Scientists at private laboratories in Pennsylvania and Michigan on Thursday announced separate theories to explain the enigma that is cold fusion, saying Pons and his partner Martin Fleischmann overlooked crucial evidence.Pons hasn't seen details of the experiments questioning his conclusions but said he was encouraged that money is being invested in fusion research, although the larger amounts are in Europe, Japan and the Soviet Union.

Michigan physicists Frederick Mayer and John Reitz, at a news conference in Boston, said what has been termed cold fusion is actually a new kind of nuclear reaction, which may produce a new kind of particle, a "hydron."

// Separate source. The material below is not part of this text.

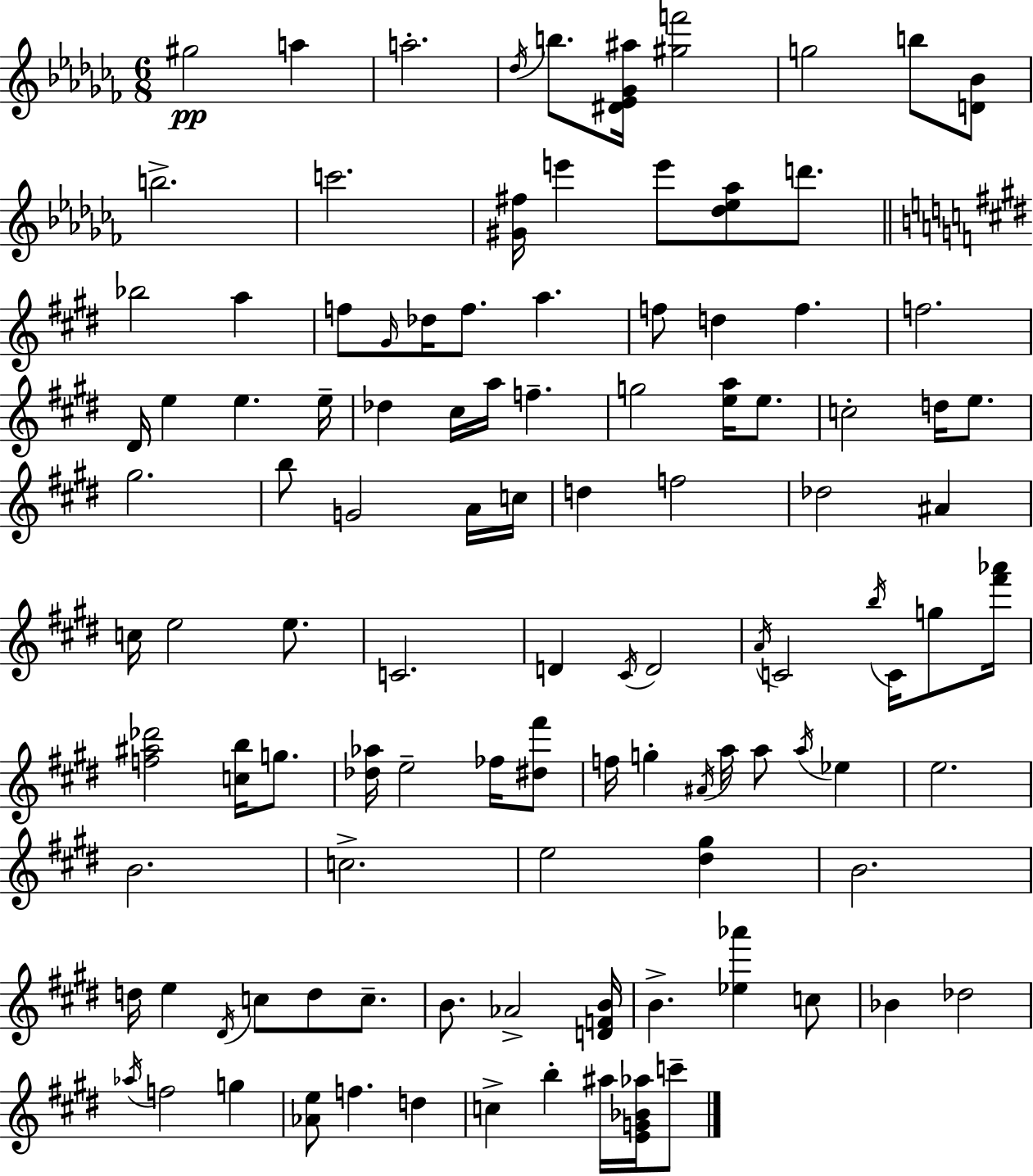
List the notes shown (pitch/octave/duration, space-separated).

G#5/h A5/q A5/h. Db5/s B5/e. [D#4,Eb4,Gb4,A#5]/s [G#5,F6]/h G5/h B5/e [D4,Bb4]/e B5/h. C6/h. [G#4,F#5]/s E6/q E6/e [Db5,Eb5,Ab5]/e D6/e. Bb5/h A5/q F5/e G#4/s Db5/s F5/e. A5/q. F5/e D5/q F5/q. F5/h. D#4/s E5/q E5/q. E5/s Db5/q C#5/s A5/s F5/q. G5/h [E5,A5]/s E5/e. C5/h D5/s E5/e. G#5/h. B5/e G4/h A4/s C5/s D5/q F5/h Db5/h A#4/q C5/s E5/h E5/e. C4/h. D4/q C#4/s D4/h A4/s C4/h B5/s C4/s G5/e [F#6,Ab6]/s [F5,A#5,Db6]/h [C5,B5]/s G5/e. [Db5,Ab5]/s E5/h FES5/s [D#5,F#6]/e F5/s G5/q A#4/s A5/s A5/e A5/s Eb5/q E5/h. B4/h. C5/h. E5/h [D#5,G#5]/q B4/h. D5/s E5/q D#4/s C5/e D5/e C5/e. B4/e. Ab4/h [D4,F4,B4]/s B4/q. [Eb5,Ab6]/q C5/e Bb4/q Db5/h Ab5/s F5/h G5/q [Ab4,E5]/e F5/q. D5/q C5/q B5/q A#5/s [E4,G4,Bb4,Ab5]/s C6/e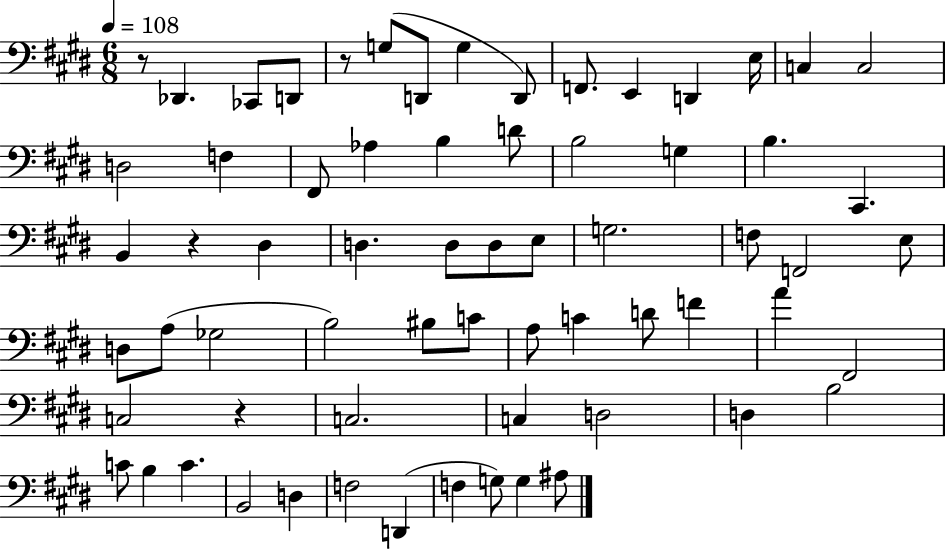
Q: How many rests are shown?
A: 4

Also Thursday afternoon, Randell Mills, president of Mills Technologies of Lancaster, Pa., discussed his theory, claiming an unknown reaction that produces heat and creates a new, smaller form of hydrogen. Mills' conclusion, if proven correct, would sweep away quantum physics theories that have guided scientists since the 1920s.

Both groups have had papers accepted in the scientific journal Fusion Technology. Both claim their conclusions are easy to duplicate, unlike those of Pons and Fleischmann.

Pons and Fleischmann, University of Utah chemists, announced in March 1989 that they had achieved fusion through experiments using palladium in heavy water. Their announcement was startling because it had been believed that enormous pressure and very high temperatures are needed to produce fusion, the reaction that powers the sun. Mastering fusion is one of the Holy Grails of science, believed the answer to solving the world's energy problem.

Haven Bergeson, a University of Utah physicist who also conducts experiments at the National Cold Fusion Institute, proclaimed Mayer's theory interesting.

"That's a kind of thinking that's useful to explore," Bergeson said, after reading an advance copy of Mayer's paper. "This is well-enough done that one has to look at it fairly seriously. In this business, you look for the least likely explanation."

But David Worledge, a physicist at Electric Power Research Institute, a utility consortium in Palo Alto, Calif., said while the new theories might be entertaining, they seem premature. Scientists are still struggling to produce results from cold-fusion experiments. When results are more consistent, theorizing will be appropriate.

Experiments continue inconsistently to generate heat or other byproducts thought to be evidence that fusion is occurring. "When you only get one result in a blue moon, it's impossible to be confident of what you have," Worledge said. "We're getting enough results to be provocative, not enough yet to be really scientific."